Penyebab langsung stunting yaitu, selain yang sudah disebutkan oleh Safriati, infeksi pada anak juga berpotensi menyebabkan stunting. “Ini karena saat infeksi, asupan dari makanan fokus untuk melawan infeksi. Hal ini membuat asupan untuk tumbuh dan berkembang jadi berkurang,” jelas dia.
Sementara, penyebab tidak langsung di antaranya yaitu sulitnya akses mendapat makanan bergizi, kurangnya penghasilan, dan distribusi pengeluaran tidak fokus untuk hal esensial seperti makanan bergizi. “Selain itu, pengetahuan soal gizi, faktor lingkungan, dan cakupan imunisasi yang rendah juga termasuk penyebab tidak langsung stunting,” lanjut Qonita.
Ia melanjutkan bahwa anak dengan stunting akan mengalami penurunan kognitif atau kecerdasan, yang bisa berujung pada kemiskinan. Selain itu, lanjutnya, mereka juga berisiko terkena penyakit degeneratif, seperti diabetes, stroke, dan jantung koroner. Dampak-dampak ini tak hanya buruk bagi individu, tetapi juga akan memengaruhi kualitas sumber daya manusia Indonesia ke depannya.

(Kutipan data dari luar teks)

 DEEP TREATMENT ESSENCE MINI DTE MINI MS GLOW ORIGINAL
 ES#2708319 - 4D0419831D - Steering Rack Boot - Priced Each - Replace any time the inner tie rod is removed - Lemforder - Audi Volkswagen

“Maka dari itu, kita harus putuskan siklusnya supaya bisa mengurangi angka stunting,” pungkas Qonita.
Sebagai informasi, berdasarkan hasil survey Status Gizi Balita pada 2019, prevalensi stunting Indonesia mencapai 27,6%. Adapun angka ini melewati standard WHO—yang menetapkan stunting suatu negara tak boleh melewati 20%. Selain itu, didapati bahwa kasus stunting Indonesia saat ini ada di urutan keempat secara global dan ada di urutan kedua se-Asia Tenggara.
Berangkat dari hal itu, pemerintah Indonesia saat ini kian menyoroti masalah stunting. Pada Agustus lalu, Presiden Joko Widodo telah merilis Peraturan Presiden Nomor 72 Tahun 2021 Tentang Percepatan Penurunan Stunting. Ia juga menargetkan stunting di Indonesia bisa menurun menjadi 14% di 2024 nanti.